Patrick Butler for the Defence
- First edition (US)
- Author: John Dickson Carr
- Language: English
- Series: Patrick Butler
- Genre: Mystery, detective
- Publisher: Hamish Hamilton (UK) & Harper (USA)
- Publication date: 1956
- Publication place: United Kingdom
- Media type: Print (hardback & paperback)
- Pages: 236 (1st UK)

= Patrick Butler for the Defence =

1956 novel by John Dickson Carr

Patrick Butler for the Defence, first published in 1956, is a detective story by American writer John Dickson Carr, which features Carr's series detective Patrick Butler (who previously appeared in Below Suspicion).
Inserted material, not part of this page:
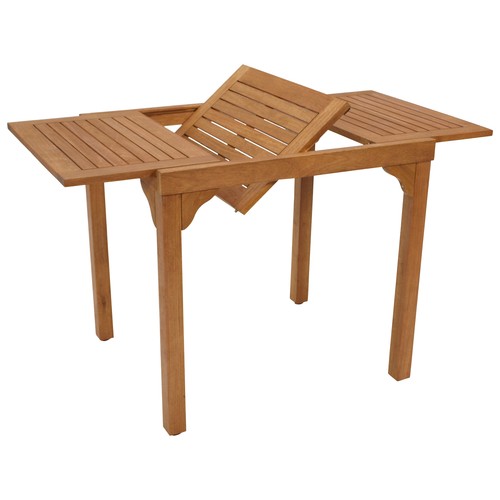 Gartentisch balkontisch - gartentisch,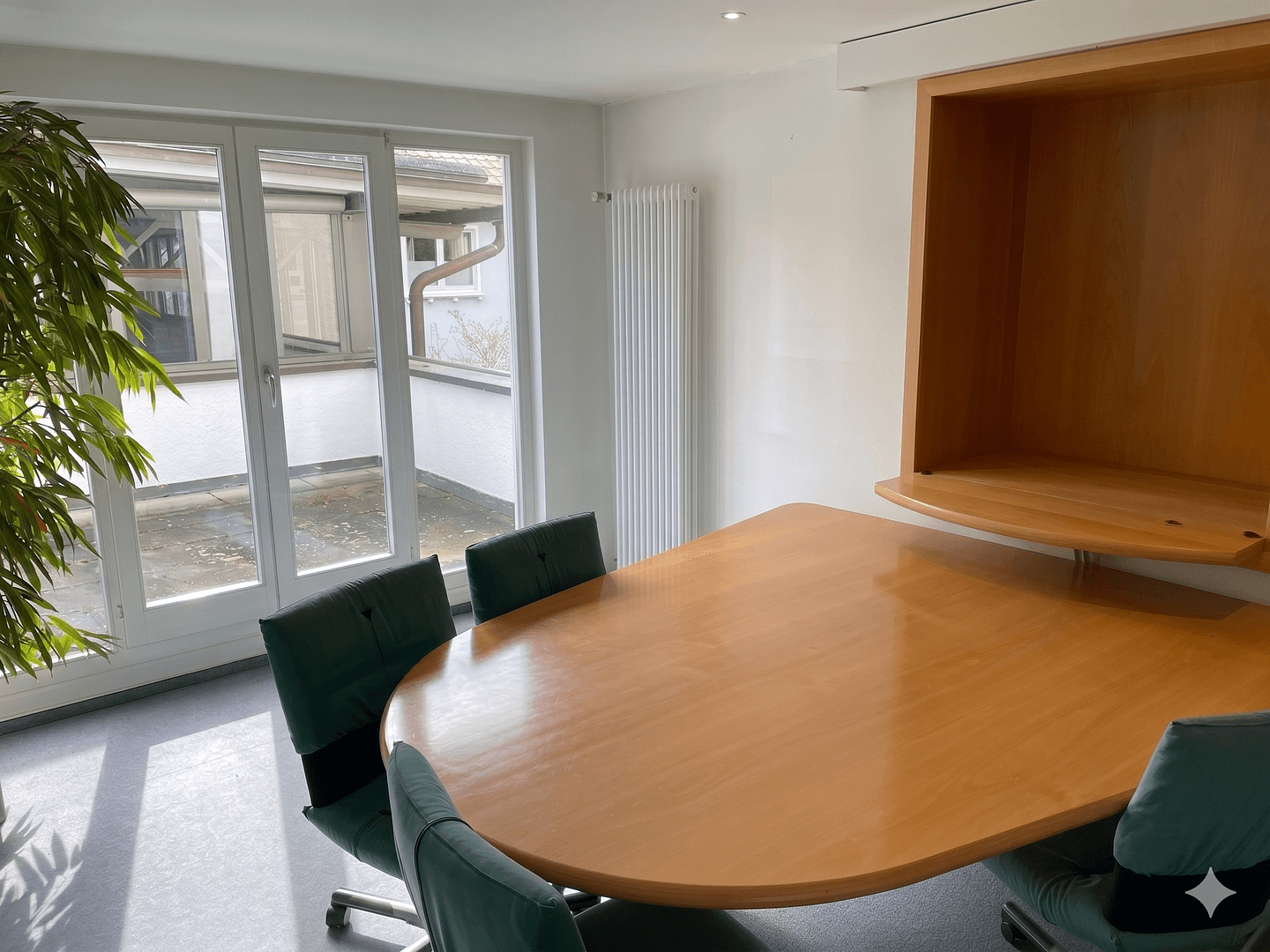 office to rent, 530 m², Klingleweg 8, Meersburg, Baden-Württemberg office to rent, 530 m², Klingleweg 8, Meersburg, Baden-Württemberg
This novel is a mystery of the type known as a whodunnit.

==Plot summary==
James Vaughan and Hugh Prentice are the two junior partners of the law practice of Prentice, Prentice & Vaughan and its senior partner, Hugh's uncle Charles Prentice. Hugh and his fiancé Helen are in Hugh's office, which is littered with detective stories; a French-speaking Arab who calls himself Abu of Ispahan arrives and asks for an appointment to discuss a private matter. Helen leaves, and Hugh must deliver a brief to famed defense lawyer Patrick Butler. Since Abu wishes to deal with no one except "Meester Pren-tees", Hugh asks him to wait for forty-five minutes; before Hugh leaves, Abu announces "All my troubles have been caused by your gloves." Hugh goes down the hall to speak with James Vaughan. When they hear a scream, both rush back to Hugh's office to find Abu stabbed; he has just enough time and breath to gasp "Your gloves" in French before he expires. Hugh immediately enlists the help of Patrick Butler, who is accompanied by the upper-crust Lady Pamela de Saxe. The three, with occasional assistance from Helen, embark upon a series of breakneck escapes from the police and Hugh's strait-laced uncle while they gather evidence (including the beautiful stage magician Cécile Feyoum, Abu's widow). In the course of the evening, Hugh falls out of love with Helen and into love with Pam, and at the night's climax Patrick Butler calls everyone together and reveals the name of the murderer, and the meaning of the gloves.